The Dabbler Book Club Review: This Party’s Got To Stop by Rupert Thomson

This month’s Dabbler Book Club selection was Rupert Thomson’s This Party’s Got To Stop. Tomorrow we have an exclusive Q&A with the author, but today Dabbler editors Gaw and Brit provide their reviews…


One of the good things about book clubs is that you read and end up enjoying books you would never have chosen. A memoir concerned with the death of parents? Not my thing, I’m afraid. But when Rupert Thomson’s This Party’s Got To Stop was chosen as our next Dabbler Book Club selection, what could I do?

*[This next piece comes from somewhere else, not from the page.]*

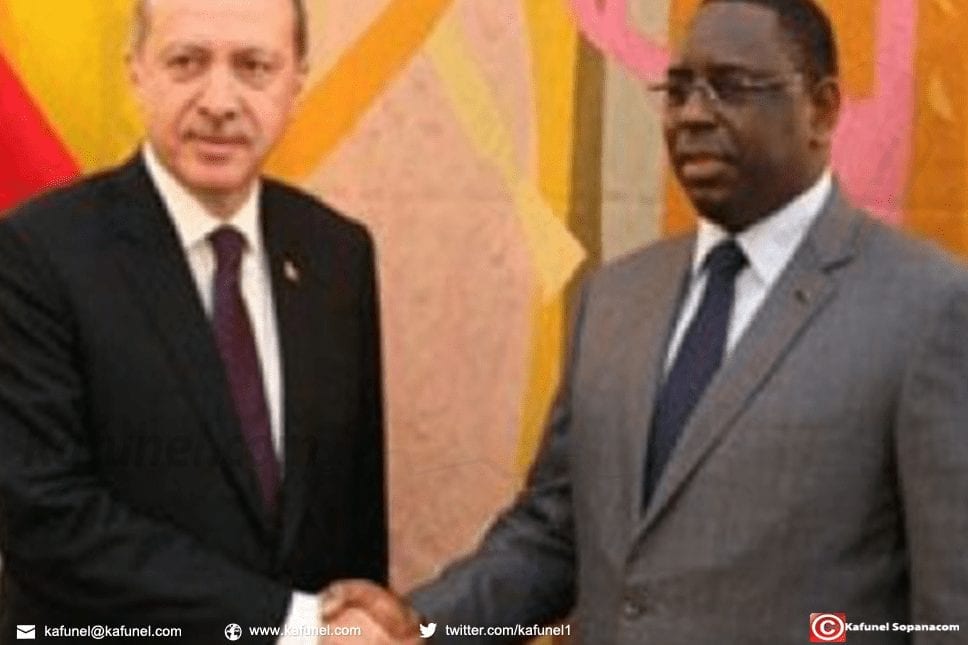 Erdogan au Sénégal - Le programme de la visite du Président turc.jpg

I took it and I read it and I’m glad I did. Nige remarked in a recent post that detachment, ‘the cool, still centre’, is the sign of the true artist. It’s Thomson’s detached, cool artistry that turns something that could have been mawkish, sentimental and rather boringly upsetting into a profound, beautiful and, for me at least, revelatory book.

It’s artfully constructed, having a number of timelines interwoven so that understanding is gradually established. We feel we’re learning alongside the author as he conducts a carefully forensic exploration of what really happened to him and his family. There are no spoon-fed answers, it’s suggestive rather than conclusive. As such it succeeds in being a deeply absorbing book, one that makes you think.

The writing is remarkably evocative, often employing descriptions that manage to be both fresh and familiar. He’s especially good on smells, those repositories of memory. They lend remembered incidents particularity and credence: “the air smells earthy yet metallic, like the sharp end of a spade”.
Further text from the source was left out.